Source data:
* * * * *

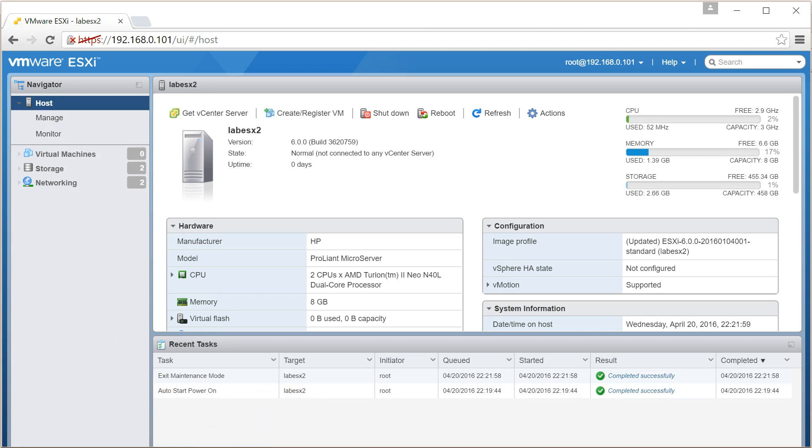So that's it. Quick and easy upgrade from 6 to 6 update 2.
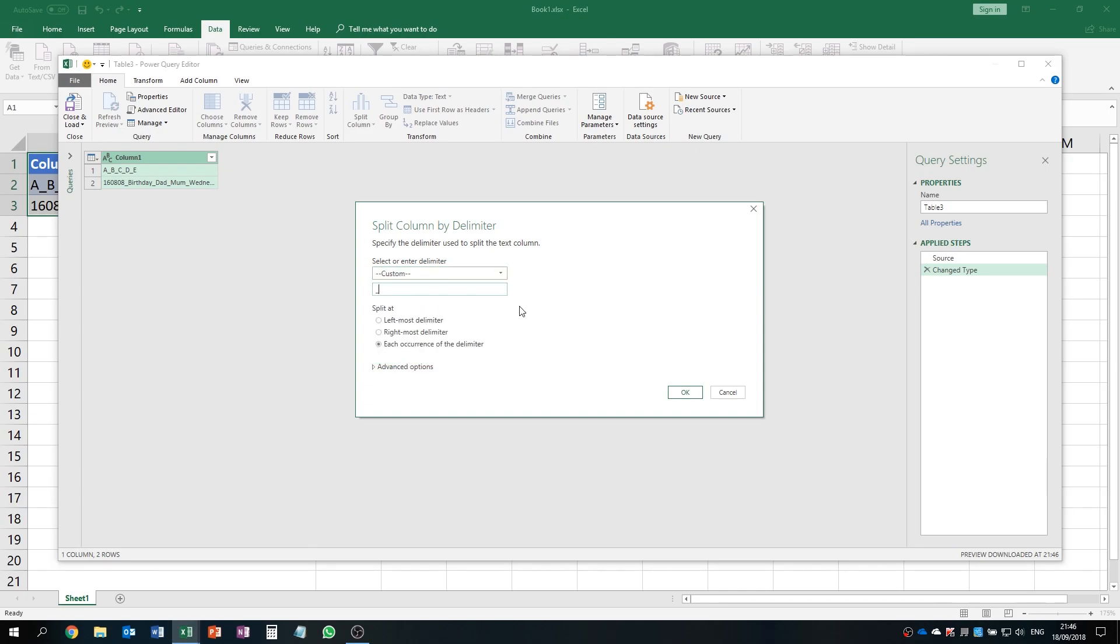This tells the Power Query to cut at the places where it has an underscore. You can see there are also different kinds of options, for example the leftmost delimiter, rightmost delimiter, or each occurrence of the delimiter.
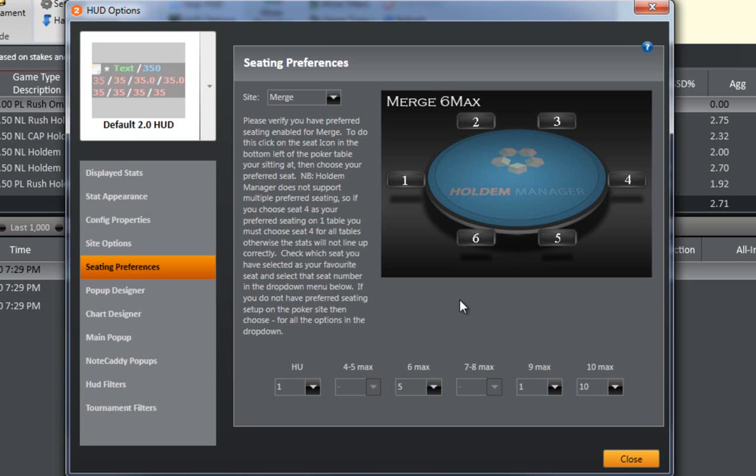If you are playing multiple tables and the HUD is shifted in different directions, this means you must set up your poker client preferred seating.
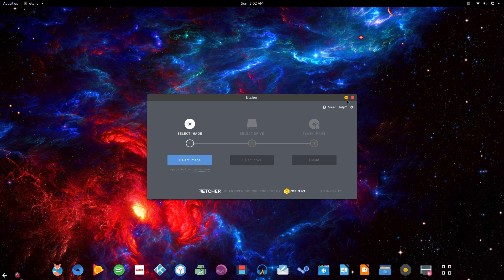Welcome everyone, my name is Danny, this is TechRage, and today I'll be showing you how to create a bootable USB for Linux on Linux. The software we're using is called Etcher, and it's cross-platform so it'll work on Windows, Linux, and Mac.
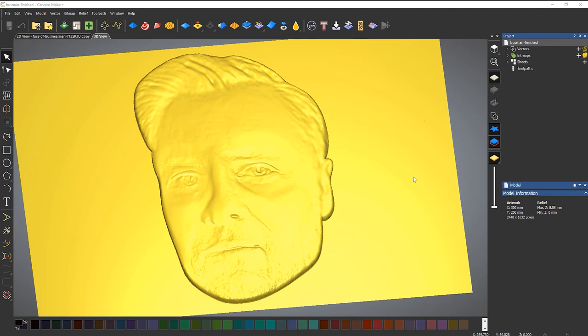In this video, we're going to take a look at what is probably the holy grail of modeling, which is creating faces — very, very hard to do. I'm going to show you a technique that you can get quick results using Carveco Maker Plus. And this is the face that I'm going to be creating.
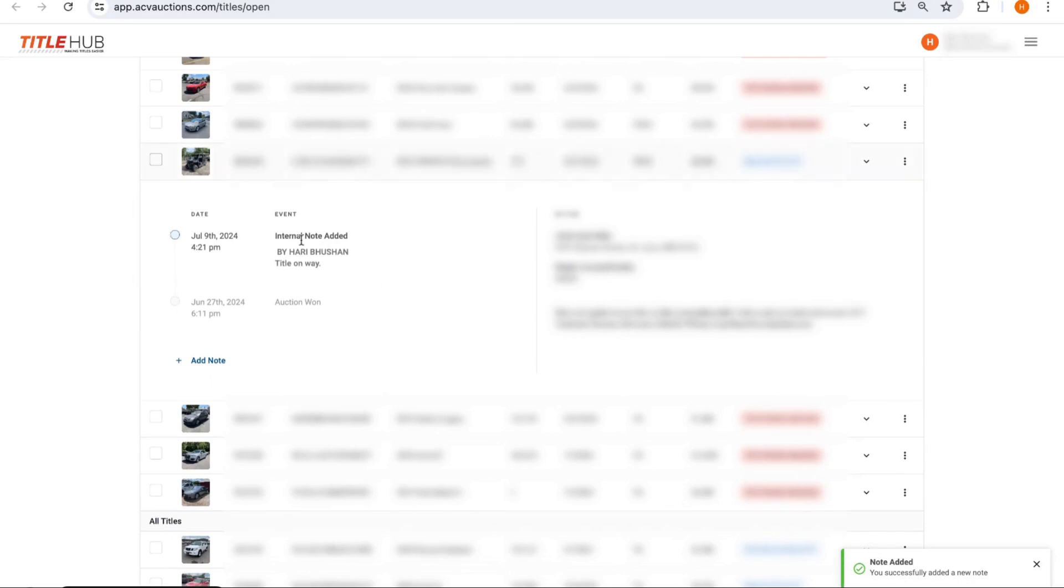And then that's it. And then our team will find out about it and they can inform the buyer on the status of the title.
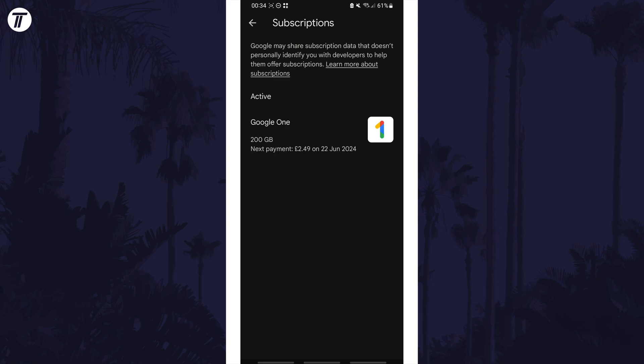That's how to view play store subscriptions on your Android phone. Click the card on screen now to watch a video of mine showing you 10 easy ways to speed up your Android device.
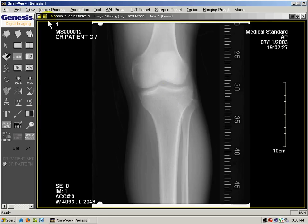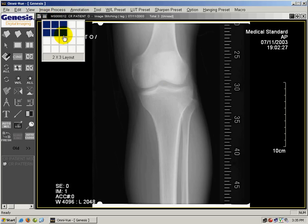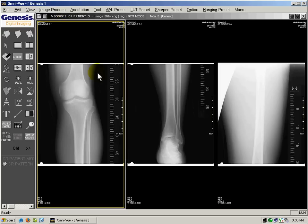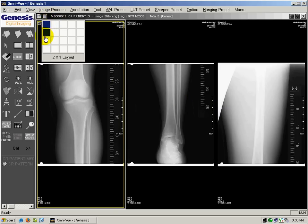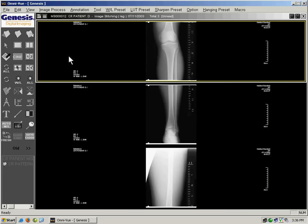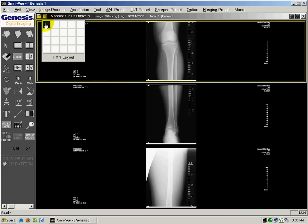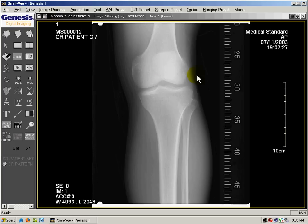You can also display multiple images on the same screen by clicking on this button here and dragging out the layout that you'd like to display the images. Since there are three images, I'm going to display it one by three and it's going to display the images side by side. You can also hang them on top of each other — so I'm going to do a three by one layout. I'm going to go back to viewing one by one by clicking one by one layout to go back to the original view.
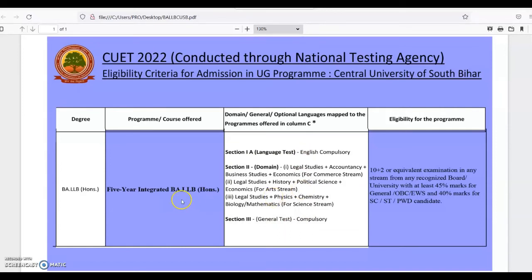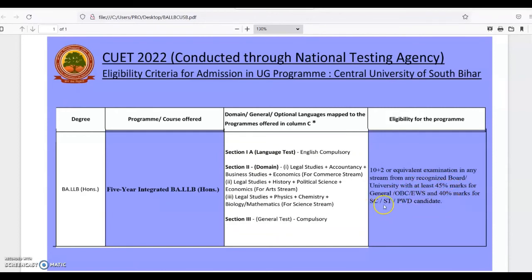A total of six subjects you have to choose for qualifying for the merit list of BLLb Honors for admission in Central University of South Bihar. The eligibility is passing Class 12 or equivalent examination in any stream from any recognized board or university with at least 45% marks for General and OBC categories, and 40% marks for SC, ST, and PwD candidates.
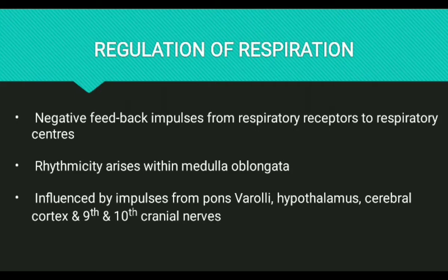Hi all, we are continuing the module respiration. Next topic is regulation of respiration. Breathing is normally an involuntary process, but sometimes it can be voluntary also.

* * * * *

▶ YOUR INSTRUCTIONS: Omit every picture, and please return the entries exactly from the first line through the line with "That's how to", both included.

▶ YOUR RESPONSE:
So that's it. Quick and easy upgrade from 6 to 6 update 2.
This tells the Power Query to cut at the places where it has an underscore. You can see there are also different kinds of options, for example the leftmost delimiter, rightmost delimiter, or each occurrence of the delimiter.
If you are playing multiple tables and the HUD is shifted in different directions, this means you must set up your poker client preferred seating.
Welcome everyone, my name is Danny, this is TechRage, and today I'll be showing you how to create a bootable USB for Linux on Linux. The software we're using is called Etcher, and it's cross-platform so it'll work on Windows, Linux, and Mac.
In this video, we're going to take a look at what is probably the holy grail of modeling, which is creating faces — very, very hard to do. I'm going to show you a technique that you can get quick results using Carveco Maker Plus. And this is the face that I'm going to be creating.
And then that's it. And then our team will find out about it and they can inform the buyer on the status of the title.
That's how to view play store subscriptions on your Android phone. Click the card on screen now to watch a video of mine showing you 10 easy ways to speed up your Android device.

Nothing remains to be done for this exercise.